Work to complete
Instruction for the entries below: return the part that opens with the line containing "98180335 :رقم المزاد" and closes with the line containing "Mercedes-Benz E 320, снимка", exactly, and no pictures.

Supplied material
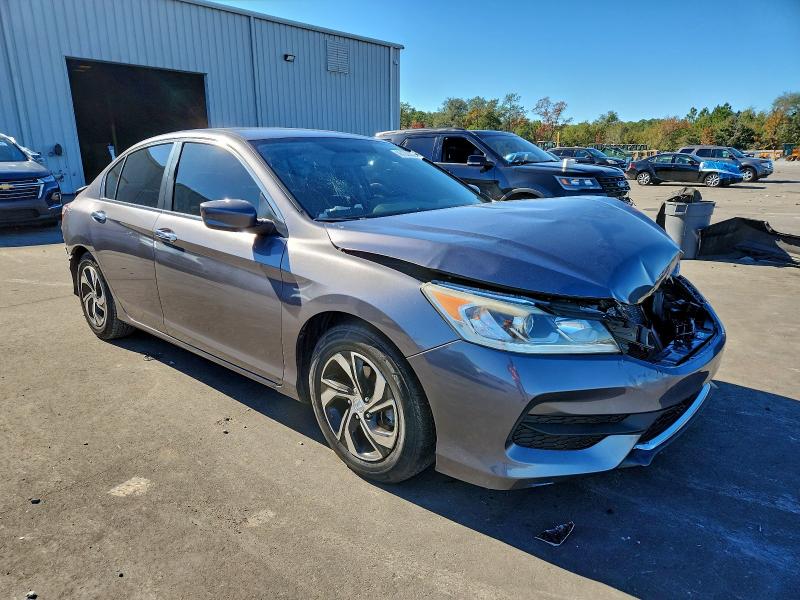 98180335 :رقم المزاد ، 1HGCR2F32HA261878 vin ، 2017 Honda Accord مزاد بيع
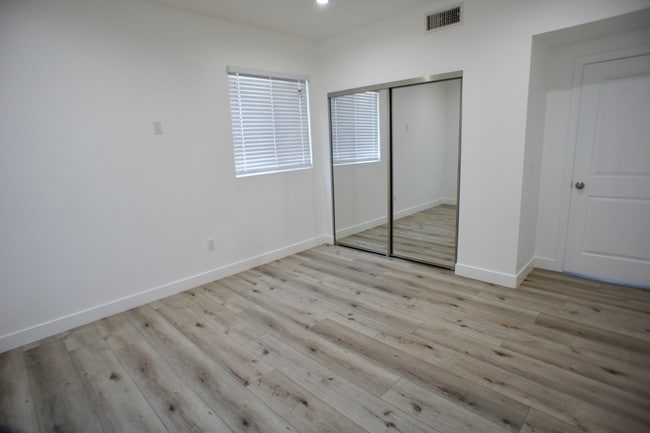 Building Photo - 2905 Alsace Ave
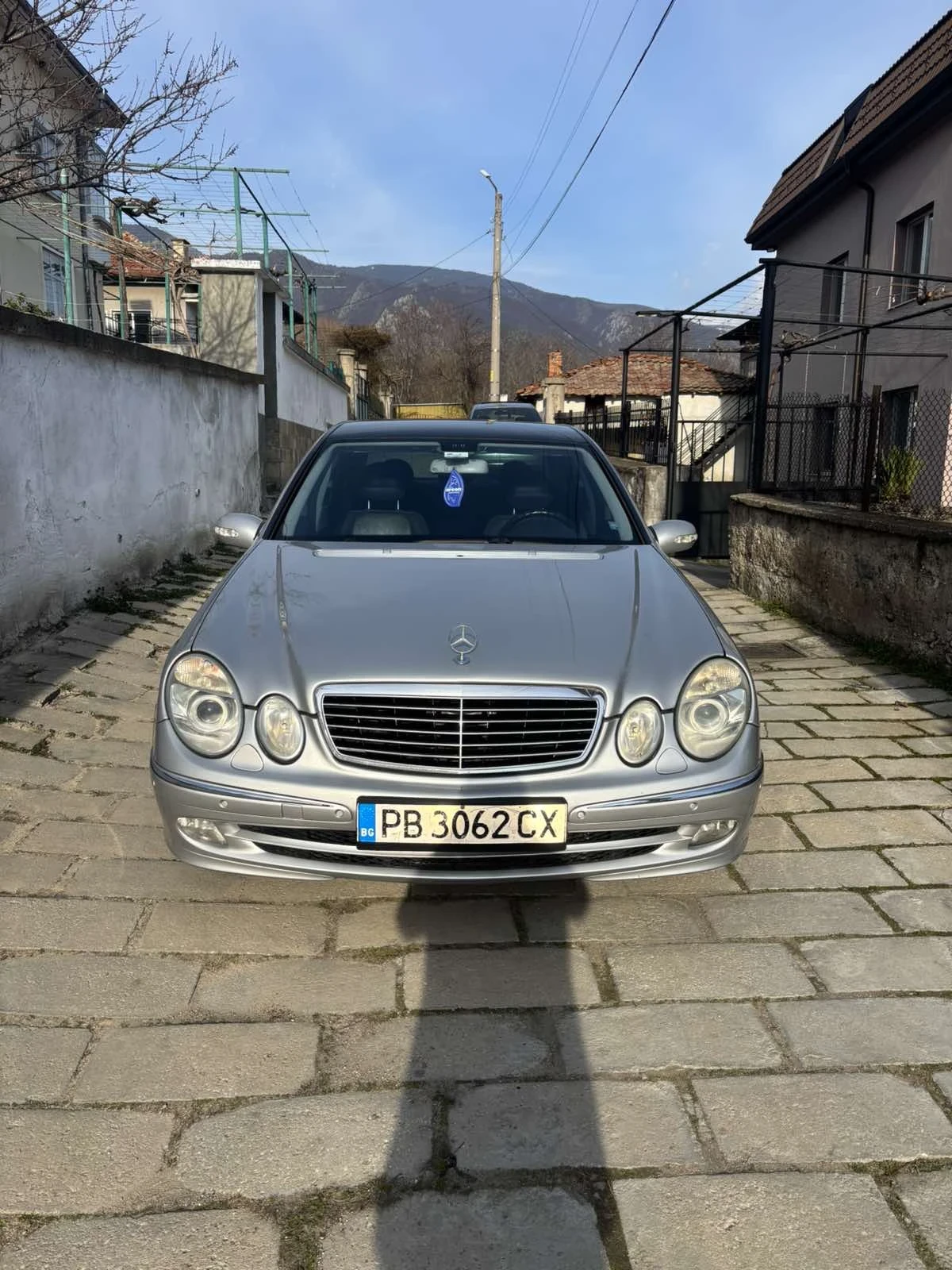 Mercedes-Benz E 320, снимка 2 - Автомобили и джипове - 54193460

--

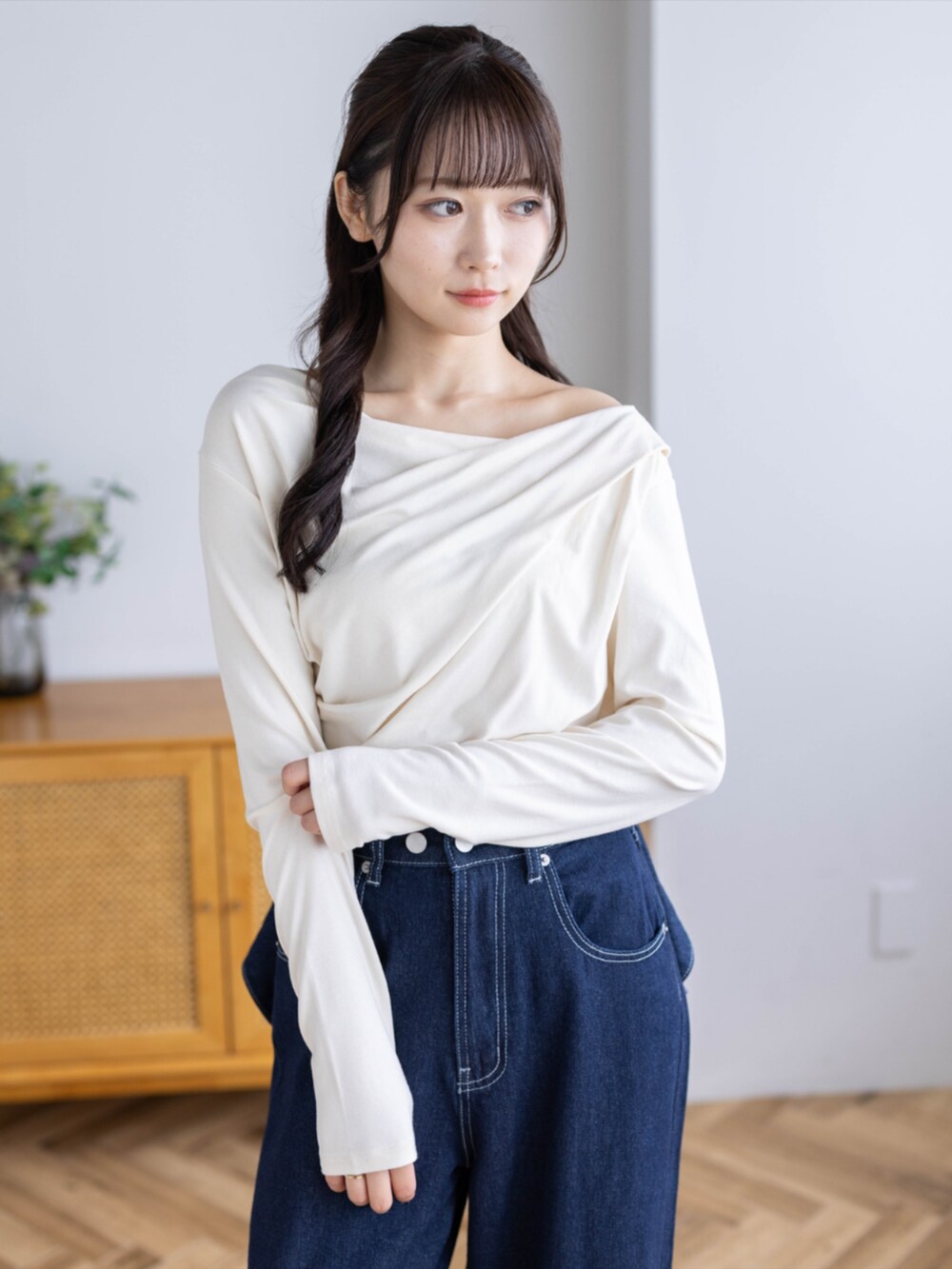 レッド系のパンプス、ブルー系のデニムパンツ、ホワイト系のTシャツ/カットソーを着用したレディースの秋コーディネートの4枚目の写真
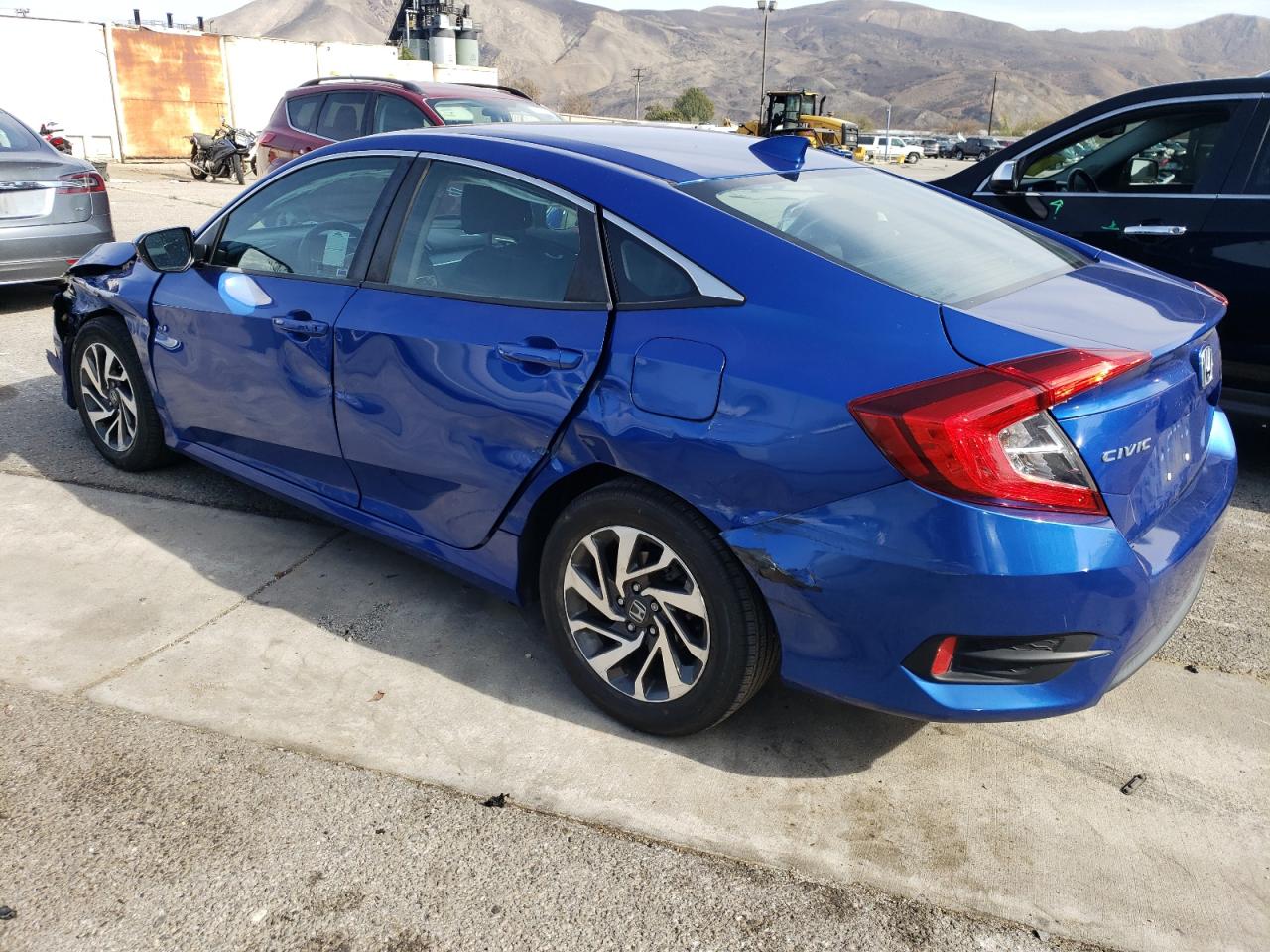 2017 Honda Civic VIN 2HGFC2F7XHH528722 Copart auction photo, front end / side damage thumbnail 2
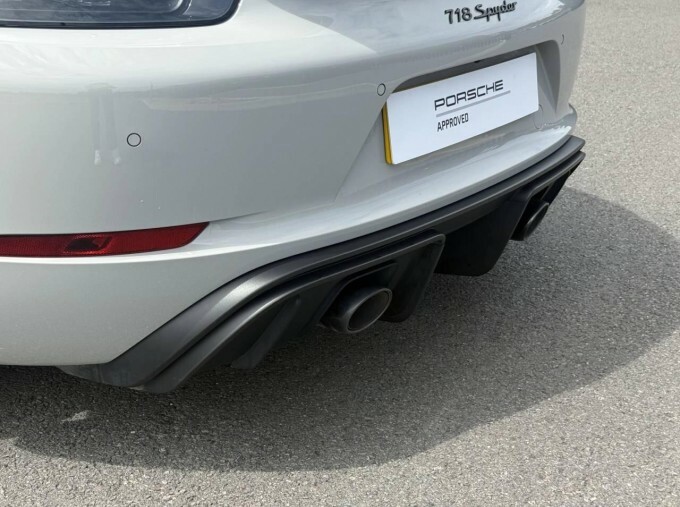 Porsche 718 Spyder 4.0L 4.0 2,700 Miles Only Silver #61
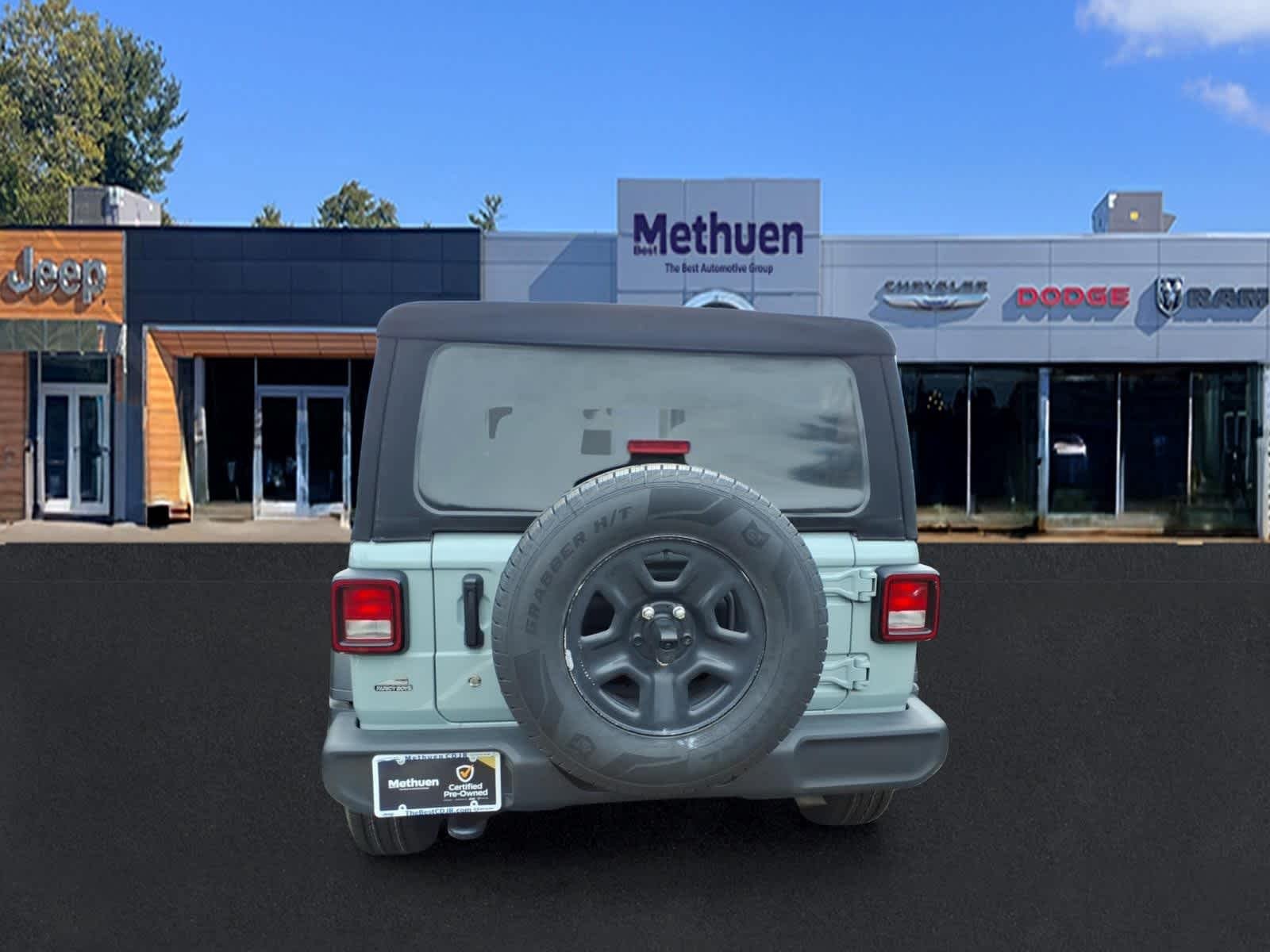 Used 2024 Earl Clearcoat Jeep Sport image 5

Response to this task
 98180335 :رقم المزاد ، 1HGCR2F32HA261878 vin ، 2017 Honda Accord مزاد بيع
 Building Photo - 2905 Alsace Ave
 Mercedes-Benz E 320, снимка 2 - Автомобили и джипове - 54193460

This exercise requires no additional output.